Desmond Mallikarachchi – the Marxist political analyst – had made a statement the other day to a national paper which begs our attention. Mallikarachchi forecasts that the Tamil identity of the island would, with time, be synonymous with the identity of the “oppressed class” of Sri Lanka. There is much food for thought in Mallikarachchi’s words – for the Tamil IDPs detained in the North essentially constitutes the cultural and social representatives of the Northern Tamil civilization. Today, they are kept away from their home lands in the manifested name of de-mining. Then, there is the rumour of the government contemplating re-settlement patterns for these displaced – where the density of the Northern Tamil would be diluted, by camping artificial colonies. There is also much talk of army bases going to be set up in order to monitor the movements of the re-settled people. Amidst all these, all talk of the 13th Amendment, too, seems to have disappeared in a white van. Contrary to power sharing and/or devolution what the Tamils face here is the fate of a “subject people” in an imperialist cleruchy.
Is this what the Sinhala extremists deem as “peace”: a wholesale re-arrangement of the historic and cultural map of the North? For whom is this “peace”, then? This is no peace for the Tamil identity or their battered sense of culture and historicity. This may constitute “party zone” for the narrow oligarchic authority – the torchbearers of the pomposity of an intolerant and chauvinist Sinhala extremism. The context reminds us of Virgil’s words in his “Aeneid” – where the desperate Trojan survivors cry out: “Lucky are those who died under the stumbling ramparts of Troy”. The cry of the Tamil identity in our contemporary, in spirit, cannot be of much difference from those of the quoted Trojans. Whether the indifference of the majority-Sinhala government is a sin is debatable point. But, if they are of sin, the entire nation will have to pay for those sins at not too distant an appointment. May I live a short life. May I have no children of my own.

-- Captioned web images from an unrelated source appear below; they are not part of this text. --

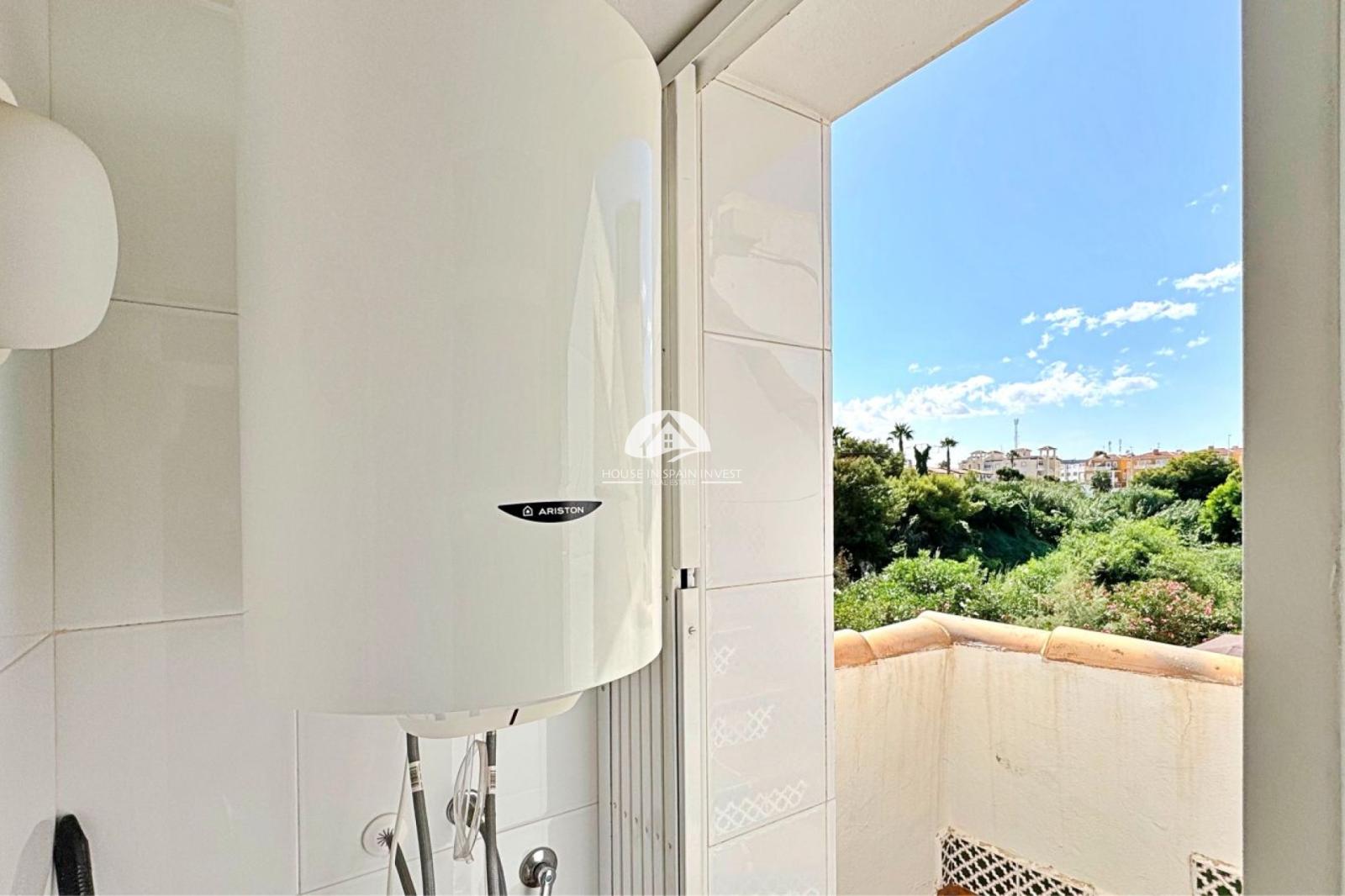 Apartamento en Venta en Orihuela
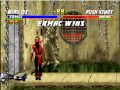Ermac TAS Mortal Kombat Trilogy N64 Part 1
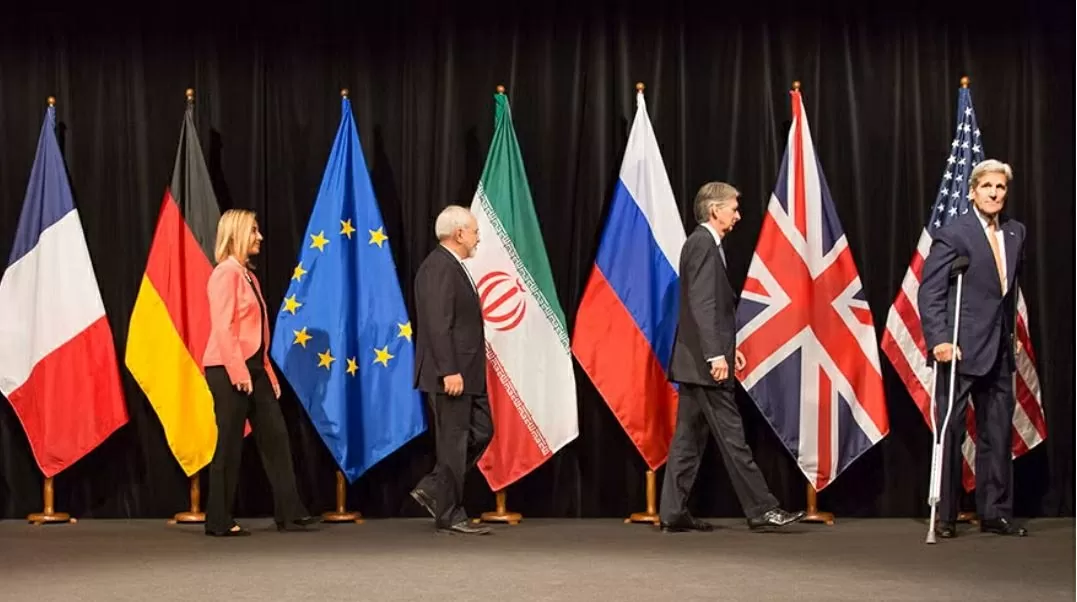 Động thái trái chiều liên quan đến khủng hoảng hạt nhân Iran, rủi ro và con đường gỡ bế tắc Động thái trái chiều liên quan đến khủng hoảng hạt nhân Iran, rủi ro và con đường gỡ bế tắc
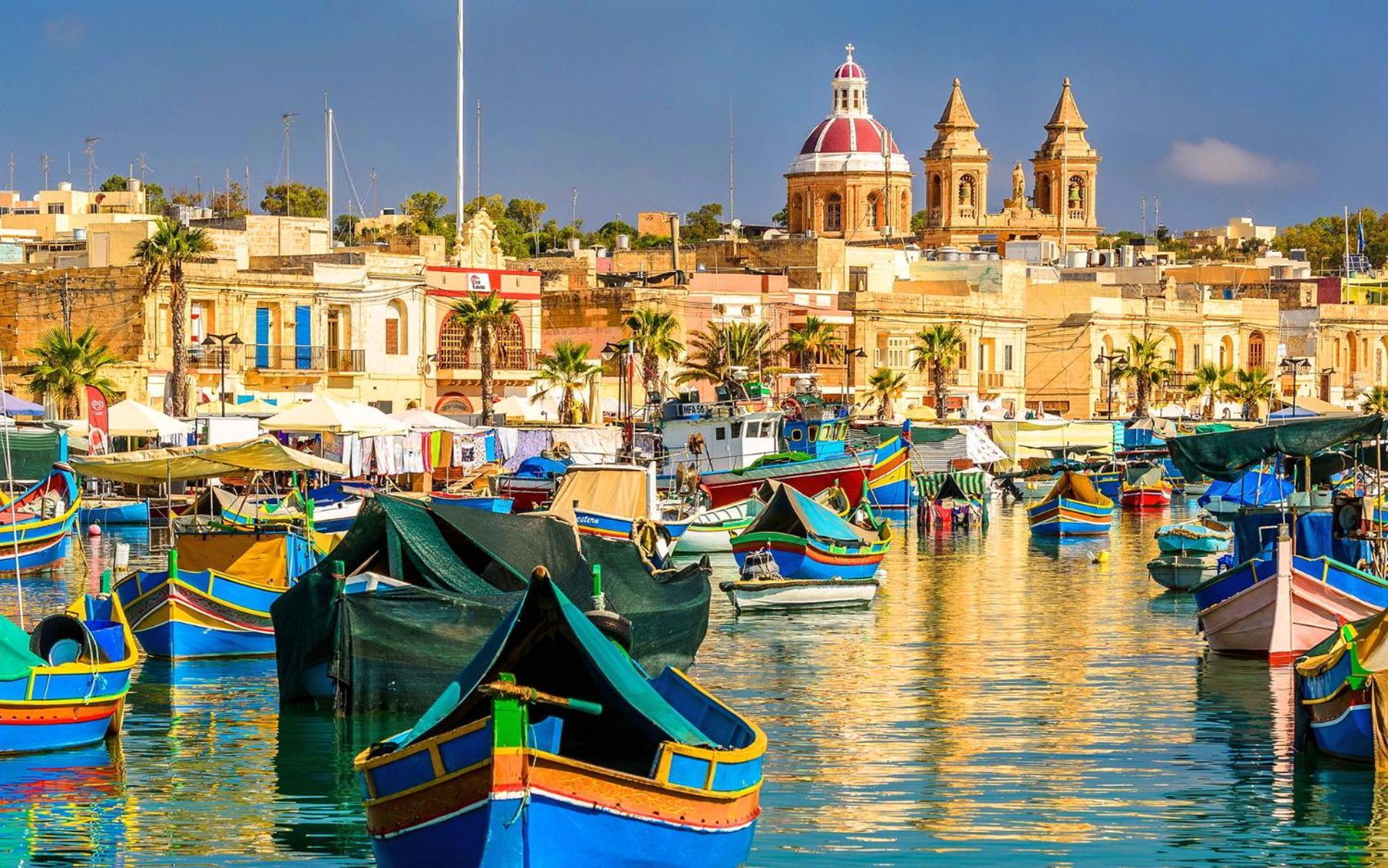 Exclusive Valletta Apartment With Historic Charm Exterior foto
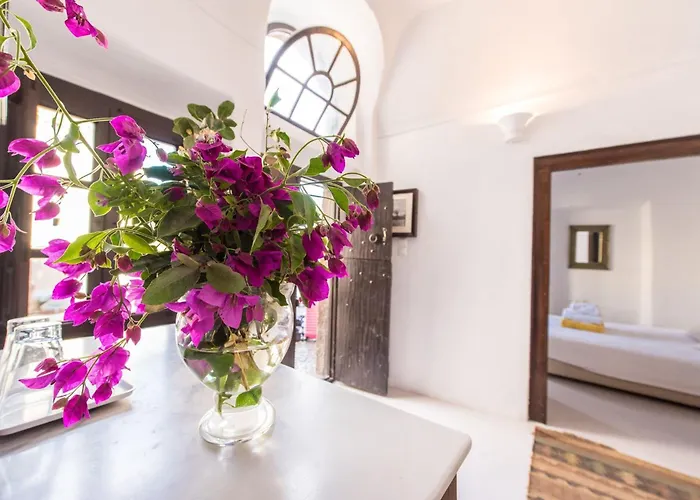 Villa Super Luxury Santorini Mansion Kyani Private Pool *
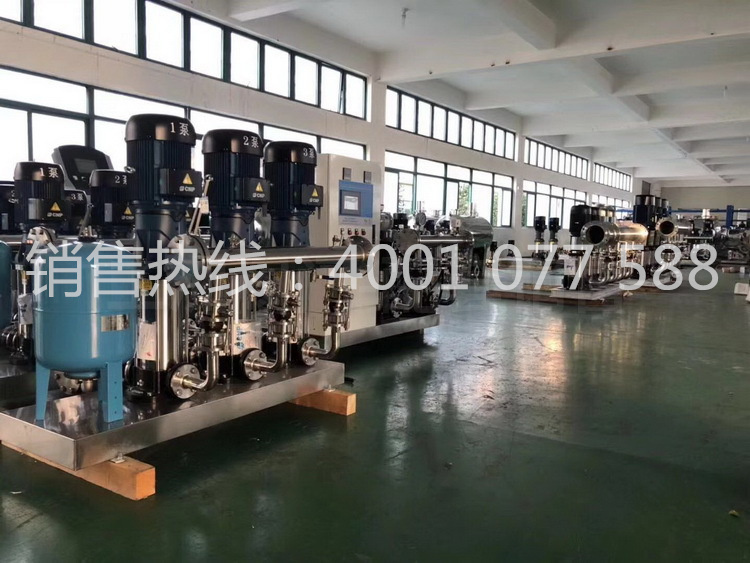 變頻恒壓供水設備，蘇州變頻供水設備，蘇州變頻恒壓，蘇州供水設備，蘇州南方泵業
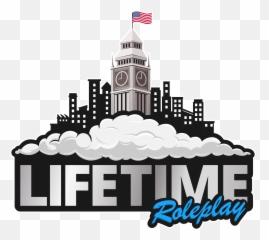 Lifetime Roleplay - Roleplay Servers Emoji,Fivem Server Title Emojis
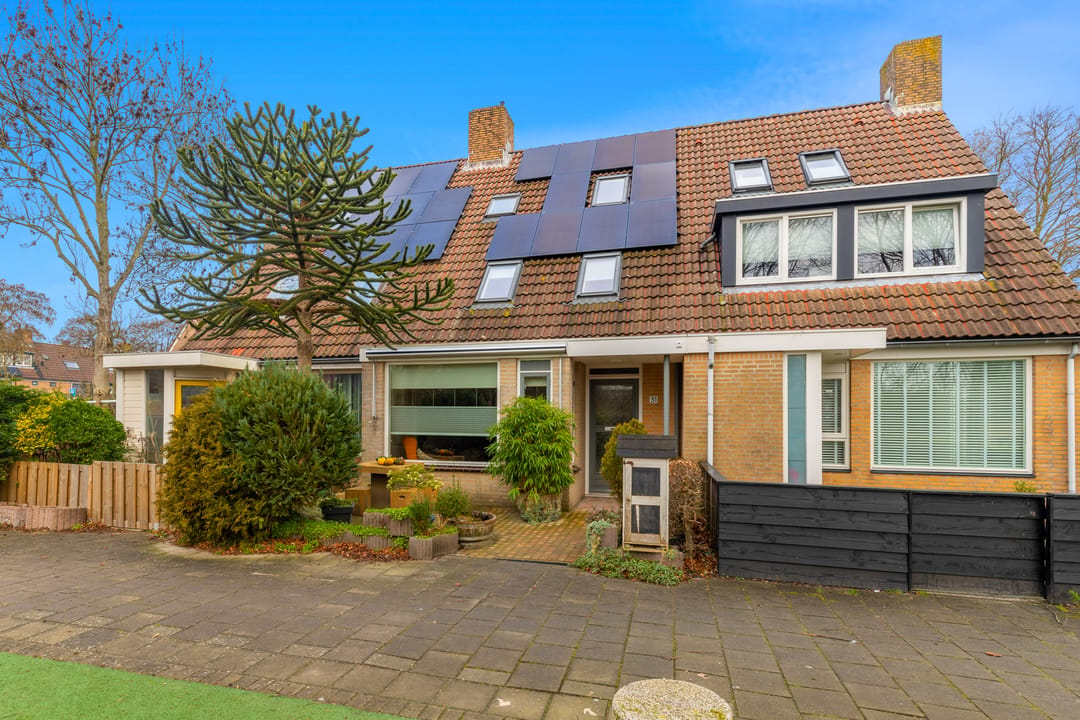 Photo 1 of Sleperstraat 31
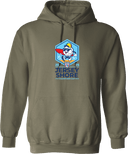 Hoodies - Jersey Shore Champions Cup 2026 - 2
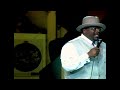 Cedric The Entertainer Returns Home To St Louis Kings Of Comedy Tour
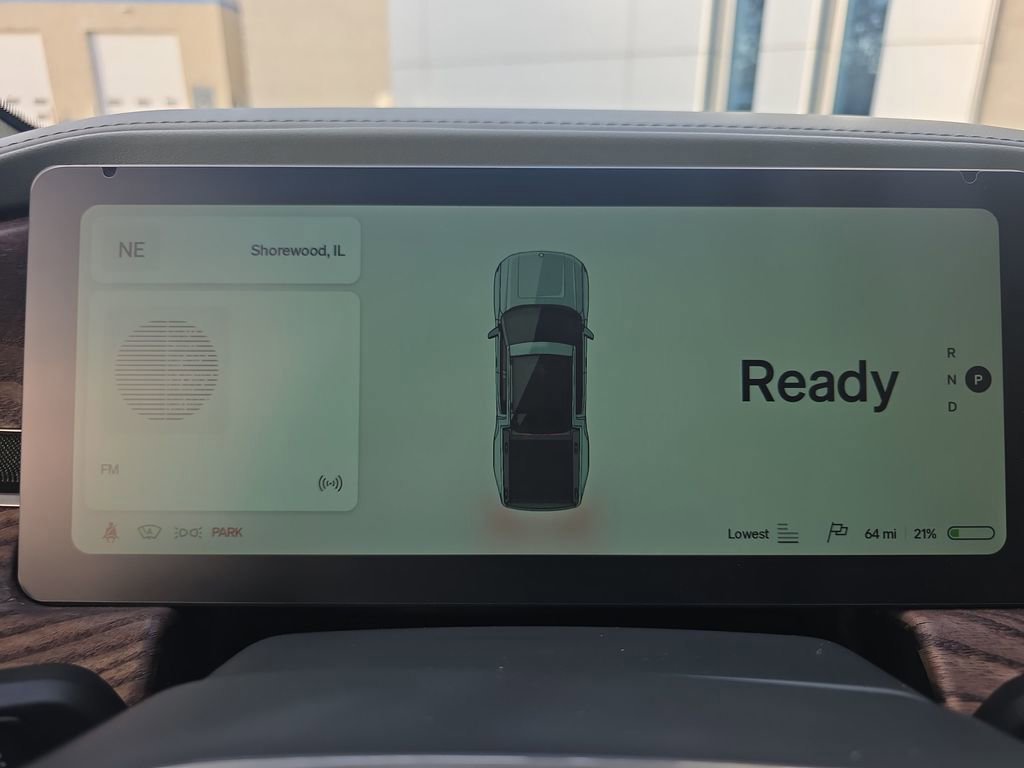 Used 2022 Rivian R1T Adventure image 29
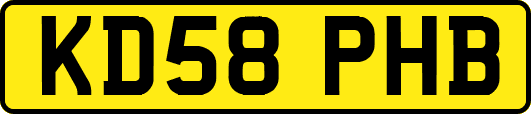 KD58PHB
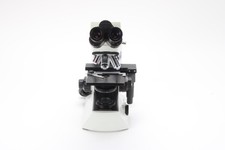 Microscope De Laboratoire Olympus CX21FS1 Avec 2x Olympus 10x/18 Et 4x Objectifs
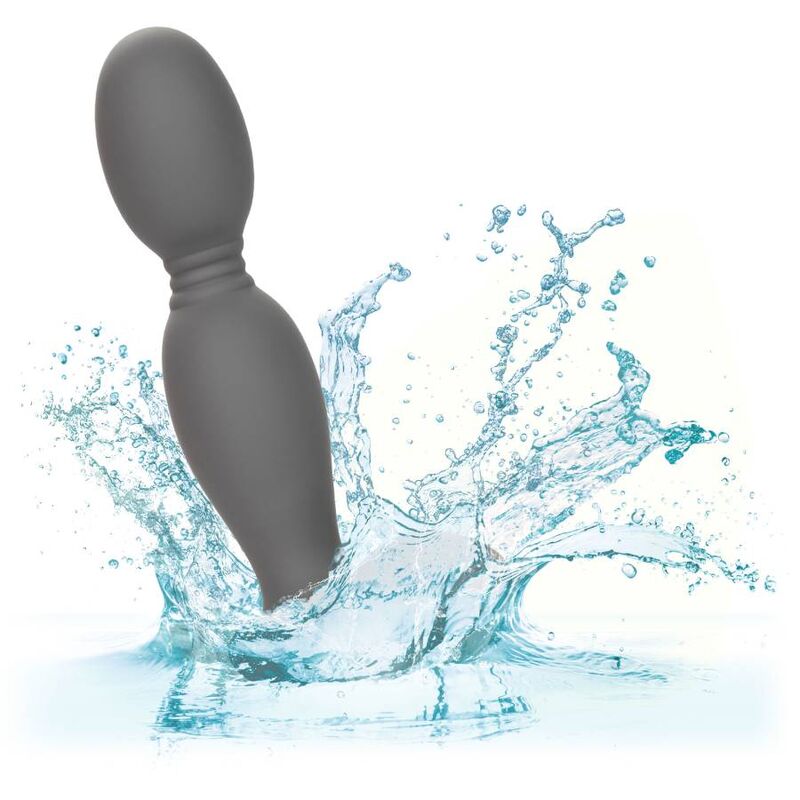 CALEXOTICS - SONDA ROTANTE – Vibratori anali – foto 6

This piece was written some months ago — the week Malinda Seneviratne wrote a review on “Bindu”; and the week Desmond Mallikarachchi had spoken to a Sinhala weekly saying that the Northern Tamil identity of Sri Lanka, in time, would be synonymous to the identity of a Marxist “prolitariat”.
This piece, if I remember right, was discrded from a national newspaper on the grounds that it was too “provocative”. Either it was rejected; or else, I was directed to submit a reformed version of it.
One sentence from the original draft has been revised in this submission.